Each pilot project will receive $1 million over 12 months to create real-world testing environments that can further the progress of quantum-related technologies. If the project is successful, it will be renewed for multiple years with an expanded budget. Bierhorst, an associate professor of mathematics, is a co-principal investigator on the project led by the University of Oregon. UNO’s share of the research award is $33,845. Bierhorst and the other team members aim to build a high-performance 16-node quantum networking testbed capable of distributing entanglement at rates more than five orders of magnitude greater than current approaches and over distances of up to 100 kilometers.
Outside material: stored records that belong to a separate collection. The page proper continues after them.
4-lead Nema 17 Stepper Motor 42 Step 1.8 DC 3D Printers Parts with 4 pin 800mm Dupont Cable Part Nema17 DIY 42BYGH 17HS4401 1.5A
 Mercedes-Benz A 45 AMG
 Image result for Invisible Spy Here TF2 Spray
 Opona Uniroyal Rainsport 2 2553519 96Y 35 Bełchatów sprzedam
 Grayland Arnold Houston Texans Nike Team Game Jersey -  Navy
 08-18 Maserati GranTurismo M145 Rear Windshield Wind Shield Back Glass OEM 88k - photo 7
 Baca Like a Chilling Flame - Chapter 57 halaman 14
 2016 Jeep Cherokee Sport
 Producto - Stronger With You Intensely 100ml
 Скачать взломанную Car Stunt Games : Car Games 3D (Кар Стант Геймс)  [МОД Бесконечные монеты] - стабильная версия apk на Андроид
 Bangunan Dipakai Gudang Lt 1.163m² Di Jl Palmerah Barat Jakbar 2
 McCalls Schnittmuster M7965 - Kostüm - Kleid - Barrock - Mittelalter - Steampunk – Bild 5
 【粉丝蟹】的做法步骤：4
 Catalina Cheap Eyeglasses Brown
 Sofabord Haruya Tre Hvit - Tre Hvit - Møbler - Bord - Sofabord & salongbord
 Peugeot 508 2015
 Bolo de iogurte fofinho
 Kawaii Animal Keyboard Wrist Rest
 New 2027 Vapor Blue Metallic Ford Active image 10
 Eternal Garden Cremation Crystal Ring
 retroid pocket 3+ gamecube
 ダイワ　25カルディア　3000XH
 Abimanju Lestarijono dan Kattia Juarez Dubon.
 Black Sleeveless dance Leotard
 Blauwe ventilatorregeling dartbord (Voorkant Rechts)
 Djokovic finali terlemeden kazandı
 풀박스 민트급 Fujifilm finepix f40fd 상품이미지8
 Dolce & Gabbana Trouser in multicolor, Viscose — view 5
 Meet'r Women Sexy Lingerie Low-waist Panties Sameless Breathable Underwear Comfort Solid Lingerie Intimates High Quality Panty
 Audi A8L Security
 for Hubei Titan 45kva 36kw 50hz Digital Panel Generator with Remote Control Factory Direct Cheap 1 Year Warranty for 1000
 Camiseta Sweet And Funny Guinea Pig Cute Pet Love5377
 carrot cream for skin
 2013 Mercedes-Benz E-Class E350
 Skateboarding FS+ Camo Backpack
The network will help enable development of new secure quantum communications protocols and new types of distributed quantum sensors and computers.

“Elementary particles like photons and electrons can be entangled with each other to create strange correlated phenomena, even if the particles are separated at great distances,” Bierhorst said. “This is generally done with a pair of particles, but it is also possible to entangle larger groups of particles. This project aims to build a network of up to 16 entangled photons, separated by great distances. This setup will be interesting for understanding fundamental physics, but will also have applications to secure communications, computation, sensing and position verification.”

Democratizing access and building national quantum science and technology capacity is part of NSF's strategy to fulfill the advancements identified in the 2018 National Quantum Initiative Act.

“The quantum network refers to the multiple entangled photons, each located at separate positions,” Bierhorst said. “Just like in a classical computer network, you would send signals through wires. The eventual hope is that something like a ‘quantum internet’ will be able to do fundamentally new things by harnessing entanglement.”

In addition to UNO and the University of Oregon, other collaborators on the project include the University of North Dakota, the University of Illinois Urbana-Champaign, the University of Colorado Boulder, the National Institute of Standards and Technology, HRL Laboratories and Boeing.